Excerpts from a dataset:

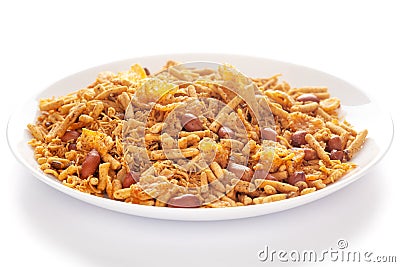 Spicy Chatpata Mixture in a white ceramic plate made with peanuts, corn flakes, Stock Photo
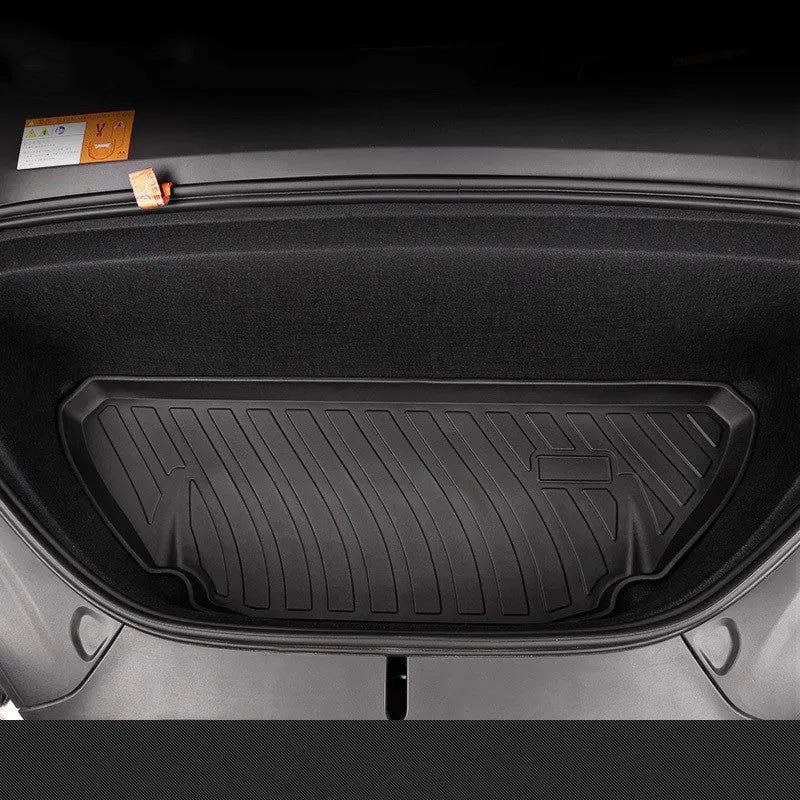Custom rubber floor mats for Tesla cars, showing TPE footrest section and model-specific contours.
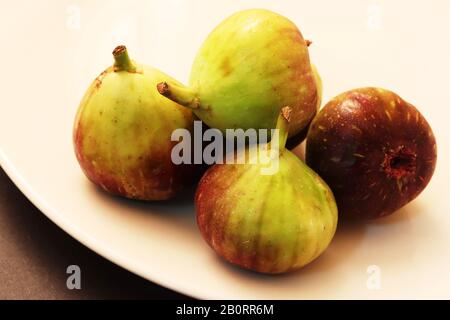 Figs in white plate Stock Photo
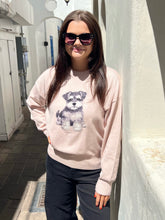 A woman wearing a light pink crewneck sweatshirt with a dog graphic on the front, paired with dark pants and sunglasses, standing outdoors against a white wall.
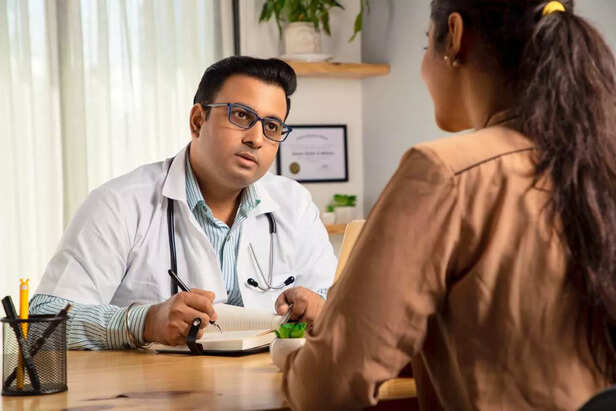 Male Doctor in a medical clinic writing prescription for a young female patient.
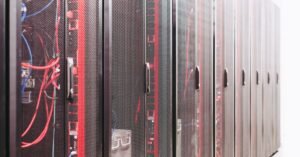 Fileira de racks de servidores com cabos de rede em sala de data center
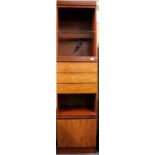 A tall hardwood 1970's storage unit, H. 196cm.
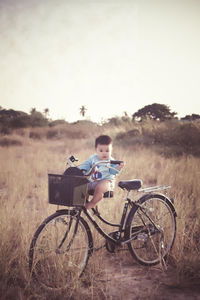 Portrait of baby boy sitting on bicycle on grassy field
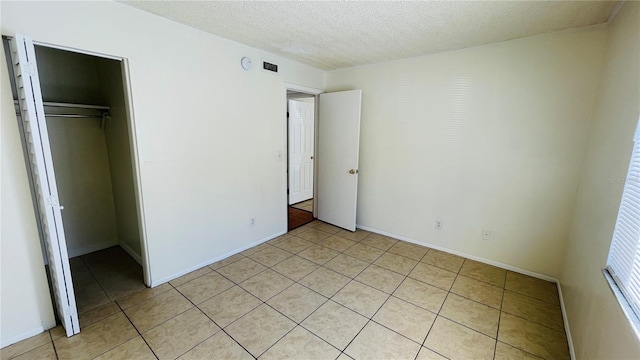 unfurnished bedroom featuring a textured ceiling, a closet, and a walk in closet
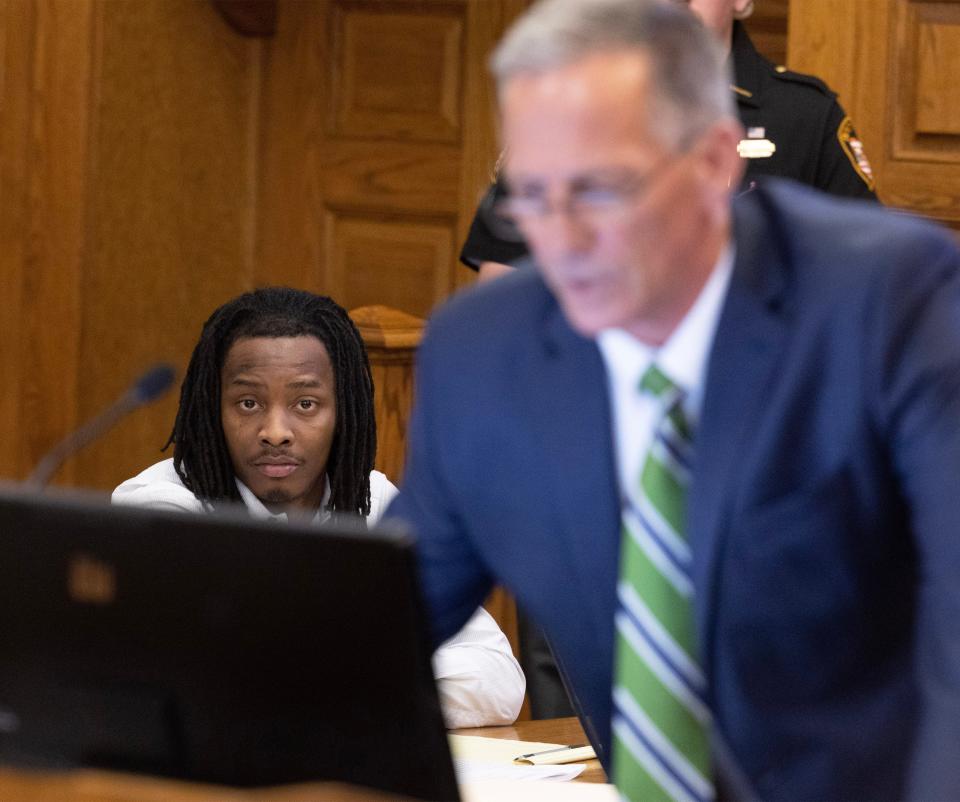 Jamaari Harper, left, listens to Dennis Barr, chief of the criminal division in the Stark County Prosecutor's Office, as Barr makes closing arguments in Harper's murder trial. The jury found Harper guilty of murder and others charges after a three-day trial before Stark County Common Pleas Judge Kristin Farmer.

## What needs to be done
Starting at the line containing "Custom rubber floor" and stopping at the line containing "unfurnished bedroom featuring", output every line above exactly, both ends included, with pictures omitted.

## Response to the task
Custom rubber floor mats for Tesla cars, showing TPE footrest section and model-specific contours.
 Figs in white plate Stock Photo
 A woman wearing a light pink crewneck sweatshirt with a dog graphic on the front, paired with dark pants and sunglasses, standing outdoors against a white wall.
 Male Doctor in a medical clinic writing prescription for a young female patient.
 Fileira de racks de servidores com cabos de rede em sala de data center
 A tall hardwood 1970's storage unit, H. 196cm.
 Portrait of baby boy sitting on bicycle on grassy field
 unfurnished bedroom featuring a textured ceiling, a closet, and a walk in closet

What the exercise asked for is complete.